:: Your objective ::
Through the last line of the material below, starting at the line with "2017 INFINITI QX80 Standard", return every line exactly and only those.

..............................

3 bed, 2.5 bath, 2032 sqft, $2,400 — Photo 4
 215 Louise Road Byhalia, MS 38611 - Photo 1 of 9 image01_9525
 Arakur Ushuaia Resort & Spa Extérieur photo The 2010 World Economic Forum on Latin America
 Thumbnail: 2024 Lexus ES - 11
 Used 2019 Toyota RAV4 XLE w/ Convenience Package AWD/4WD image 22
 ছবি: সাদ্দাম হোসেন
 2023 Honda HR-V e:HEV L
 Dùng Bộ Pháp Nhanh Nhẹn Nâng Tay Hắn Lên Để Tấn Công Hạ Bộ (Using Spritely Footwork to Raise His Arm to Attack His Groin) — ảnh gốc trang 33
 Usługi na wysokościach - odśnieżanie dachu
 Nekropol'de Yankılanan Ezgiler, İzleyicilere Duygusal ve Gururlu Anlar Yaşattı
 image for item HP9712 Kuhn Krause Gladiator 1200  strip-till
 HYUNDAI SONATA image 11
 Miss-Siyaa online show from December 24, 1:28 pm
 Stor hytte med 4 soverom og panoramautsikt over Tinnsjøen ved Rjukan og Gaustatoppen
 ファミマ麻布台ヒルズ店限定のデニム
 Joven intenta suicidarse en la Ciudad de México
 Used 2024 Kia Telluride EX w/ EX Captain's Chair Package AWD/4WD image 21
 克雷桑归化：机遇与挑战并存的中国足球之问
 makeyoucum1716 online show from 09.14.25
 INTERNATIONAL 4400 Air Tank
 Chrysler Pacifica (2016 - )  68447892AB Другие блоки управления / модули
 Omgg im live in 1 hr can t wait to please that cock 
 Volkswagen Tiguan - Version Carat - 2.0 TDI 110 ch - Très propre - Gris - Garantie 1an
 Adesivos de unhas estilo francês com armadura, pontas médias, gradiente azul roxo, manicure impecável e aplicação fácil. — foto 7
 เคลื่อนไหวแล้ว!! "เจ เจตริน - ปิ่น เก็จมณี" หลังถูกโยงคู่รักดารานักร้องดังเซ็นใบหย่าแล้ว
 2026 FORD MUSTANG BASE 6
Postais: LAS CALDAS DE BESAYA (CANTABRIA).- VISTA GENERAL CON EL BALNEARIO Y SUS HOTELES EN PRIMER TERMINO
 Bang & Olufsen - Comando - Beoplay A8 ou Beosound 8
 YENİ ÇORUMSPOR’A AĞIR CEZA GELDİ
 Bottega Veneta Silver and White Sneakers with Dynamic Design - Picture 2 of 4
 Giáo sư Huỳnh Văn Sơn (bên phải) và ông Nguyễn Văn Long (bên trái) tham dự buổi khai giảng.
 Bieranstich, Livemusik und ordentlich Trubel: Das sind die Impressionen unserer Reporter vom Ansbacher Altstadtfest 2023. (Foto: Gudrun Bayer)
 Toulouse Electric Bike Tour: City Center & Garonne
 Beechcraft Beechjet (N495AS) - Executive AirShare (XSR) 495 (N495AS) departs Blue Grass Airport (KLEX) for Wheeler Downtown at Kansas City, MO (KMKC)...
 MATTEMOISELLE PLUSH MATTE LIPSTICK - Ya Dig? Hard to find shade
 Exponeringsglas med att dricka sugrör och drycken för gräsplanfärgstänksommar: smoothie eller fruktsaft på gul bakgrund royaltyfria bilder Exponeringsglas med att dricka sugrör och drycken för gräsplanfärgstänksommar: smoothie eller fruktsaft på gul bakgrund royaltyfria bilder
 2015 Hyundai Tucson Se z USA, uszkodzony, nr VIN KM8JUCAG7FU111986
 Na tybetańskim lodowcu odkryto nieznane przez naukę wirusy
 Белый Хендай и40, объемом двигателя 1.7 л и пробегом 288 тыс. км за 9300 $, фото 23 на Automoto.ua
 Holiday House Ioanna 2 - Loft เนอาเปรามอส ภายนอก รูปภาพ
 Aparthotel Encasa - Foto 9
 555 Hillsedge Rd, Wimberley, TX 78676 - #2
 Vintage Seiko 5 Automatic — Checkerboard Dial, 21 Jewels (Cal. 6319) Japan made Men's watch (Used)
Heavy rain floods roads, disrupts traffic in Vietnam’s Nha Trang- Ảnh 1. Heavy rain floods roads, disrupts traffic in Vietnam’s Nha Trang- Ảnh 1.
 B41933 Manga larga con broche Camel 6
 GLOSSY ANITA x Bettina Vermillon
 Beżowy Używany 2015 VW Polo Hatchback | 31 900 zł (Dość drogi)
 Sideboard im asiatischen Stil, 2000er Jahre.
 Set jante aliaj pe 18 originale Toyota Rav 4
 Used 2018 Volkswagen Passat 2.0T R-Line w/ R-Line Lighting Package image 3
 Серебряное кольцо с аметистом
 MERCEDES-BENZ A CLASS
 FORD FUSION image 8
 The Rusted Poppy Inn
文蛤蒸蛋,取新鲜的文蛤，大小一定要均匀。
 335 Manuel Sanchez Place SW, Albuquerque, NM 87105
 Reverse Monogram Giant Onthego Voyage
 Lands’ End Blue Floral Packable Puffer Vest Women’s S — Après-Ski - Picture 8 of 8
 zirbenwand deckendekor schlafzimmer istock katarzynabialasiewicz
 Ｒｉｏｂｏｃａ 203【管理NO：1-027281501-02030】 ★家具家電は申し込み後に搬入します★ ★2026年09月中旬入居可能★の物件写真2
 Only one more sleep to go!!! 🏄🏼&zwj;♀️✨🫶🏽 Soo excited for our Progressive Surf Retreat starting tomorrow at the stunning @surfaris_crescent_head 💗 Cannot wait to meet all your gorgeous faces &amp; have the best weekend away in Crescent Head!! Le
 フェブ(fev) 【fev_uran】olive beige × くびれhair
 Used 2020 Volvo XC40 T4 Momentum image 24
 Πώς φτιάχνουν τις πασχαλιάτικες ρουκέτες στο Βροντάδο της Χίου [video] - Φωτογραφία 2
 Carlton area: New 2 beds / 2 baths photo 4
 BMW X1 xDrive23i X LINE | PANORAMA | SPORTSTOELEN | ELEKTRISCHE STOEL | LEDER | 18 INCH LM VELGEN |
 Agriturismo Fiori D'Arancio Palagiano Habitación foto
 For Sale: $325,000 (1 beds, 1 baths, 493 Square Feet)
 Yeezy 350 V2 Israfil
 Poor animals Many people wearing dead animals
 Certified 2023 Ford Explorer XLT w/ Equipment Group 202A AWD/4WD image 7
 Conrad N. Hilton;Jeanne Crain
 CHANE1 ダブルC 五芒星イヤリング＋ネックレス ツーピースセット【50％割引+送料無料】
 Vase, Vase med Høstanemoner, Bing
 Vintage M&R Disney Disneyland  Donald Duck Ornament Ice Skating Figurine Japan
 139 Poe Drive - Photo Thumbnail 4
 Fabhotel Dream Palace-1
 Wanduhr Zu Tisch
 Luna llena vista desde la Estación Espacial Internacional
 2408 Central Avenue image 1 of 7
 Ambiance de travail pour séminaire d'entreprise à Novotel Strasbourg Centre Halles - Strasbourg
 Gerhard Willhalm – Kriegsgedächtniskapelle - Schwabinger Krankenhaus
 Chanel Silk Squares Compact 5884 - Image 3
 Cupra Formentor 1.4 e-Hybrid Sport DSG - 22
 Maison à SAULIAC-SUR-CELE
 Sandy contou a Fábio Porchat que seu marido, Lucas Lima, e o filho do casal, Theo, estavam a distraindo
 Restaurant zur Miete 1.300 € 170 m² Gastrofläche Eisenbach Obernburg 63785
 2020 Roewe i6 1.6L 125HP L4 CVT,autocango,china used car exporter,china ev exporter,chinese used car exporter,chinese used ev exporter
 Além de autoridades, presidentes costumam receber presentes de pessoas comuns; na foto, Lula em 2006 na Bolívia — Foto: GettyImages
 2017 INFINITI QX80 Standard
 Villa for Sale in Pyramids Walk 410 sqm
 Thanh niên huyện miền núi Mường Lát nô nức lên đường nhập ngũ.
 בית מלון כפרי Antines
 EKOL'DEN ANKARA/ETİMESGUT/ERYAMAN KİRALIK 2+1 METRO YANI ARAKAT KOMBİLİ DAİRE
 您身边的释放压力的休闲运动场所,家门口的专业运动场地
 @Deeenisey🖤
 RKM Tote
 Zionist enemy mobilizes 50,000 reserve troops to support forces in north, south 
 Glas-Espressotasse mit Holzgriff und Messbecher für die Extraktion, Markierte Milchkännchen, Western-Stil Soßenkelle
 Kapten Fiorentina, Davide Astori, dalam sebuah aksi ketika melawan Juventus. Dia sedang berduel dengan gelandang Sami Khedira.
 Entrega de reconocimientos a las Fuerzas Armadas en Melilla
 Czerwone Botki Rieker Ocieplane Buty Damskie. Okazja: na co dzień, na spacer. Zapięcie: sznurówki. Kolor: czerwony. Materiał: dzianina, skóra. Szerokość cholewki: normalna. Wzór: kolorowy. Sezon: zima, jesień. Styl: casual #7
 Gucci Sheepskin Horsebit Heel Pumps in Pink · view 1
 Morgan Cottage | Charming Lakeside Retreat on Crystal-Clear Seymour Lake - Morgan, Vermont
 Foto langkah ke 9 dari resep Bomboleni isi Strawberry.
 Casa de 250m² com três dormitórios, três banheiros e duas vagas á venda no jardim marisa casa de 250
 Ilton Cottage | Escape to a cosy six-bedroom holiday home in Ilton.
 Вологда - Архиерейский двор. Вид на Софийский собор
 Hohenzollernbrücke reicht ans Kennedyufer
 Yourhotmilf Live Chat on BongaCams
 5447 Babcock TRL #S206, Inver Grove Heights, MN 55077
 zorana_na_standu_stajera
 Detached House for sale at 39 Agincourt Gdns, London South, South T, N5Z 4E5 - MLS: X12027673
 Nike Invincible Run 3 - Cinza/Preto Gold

..............................

:: Output ::
 2017 INFINITI QX80 Standard
 Villa for Sale in Pyramids Walk 410 sqm
 Thanh niên huyện miền núi Mường Lát nô nức lên đường nhập ngũ.
 בית מלון כפרי Antines
 EKOL'DEN ANKARA/ETİMESGUT/ERYAMAN KİRALIK 2+1 METRO YANI ARAKAT KOMBİLİ DAİRE
 您身边的释放压力的休闲运动场所,家门口的专业运动场地
 @Deeenisey🖤
 RKM Tote
 Zionist enemy mobilizes 50,000 reserve troops to support forces in north, south 
 Glas-Espressotasse mit Holzgriff und Messbecher für die Extraktion, Markierte Milchkännchen, Western-Stil Soßenkelle
 Kapten Fiorentina, Davide Astori, dalam sebuah aksi ketika melawan Juventus. Dia sedang berduel dengan gelandang Sami Khedira.
 Entrega de reconocimientos a las Fuerzas Armadas en Melilla
 Czerwone Botki Rieker Ocieplane Buty Damskie. Okazja: na co dzień, na spacer. Zapięcie: sznurówki. Kolor: czerwony. Materiał: dzianina, skóra. Szerokość cholewki: normalna. Wzór: kolorowy. Sezon: zima, jesień. Styl: casual #7
 Gucci Sheepskin Horsebit Heel Pumps in Pink · view 1
 Morgan Cottage | Charming Lakeside Retreat on Crystal-Clear Seymour Lake - Morgan, Vermont
 Foto langkah ke 9 dari resep Bomboleni isi Strawberry.
 Casa de 250m² com três dormitórios, três banheiros e duas vagas á venda no jardim marisa casa de 250
 Ilton Cottage | Escape to a cosy six-bedroom holiday home in Ilton.
 Вологда - Архиерейский двор. Вид на Софийский собор
 Hohenzollernbrücke reicht ans Kennedyufer
 Yourhotmilf Live Chat on BongaCams
 5447 Babcock TRL #S206, Inver Grove Heights, MN 55077
 zorana_na_standu_stajera
 Detached House for sale at 39 Agincourt Gdns, London South, South T, N5Z 4E5 - MLS: X12027673
 Nike Invincible Run 3 - Cinza/Preto Gold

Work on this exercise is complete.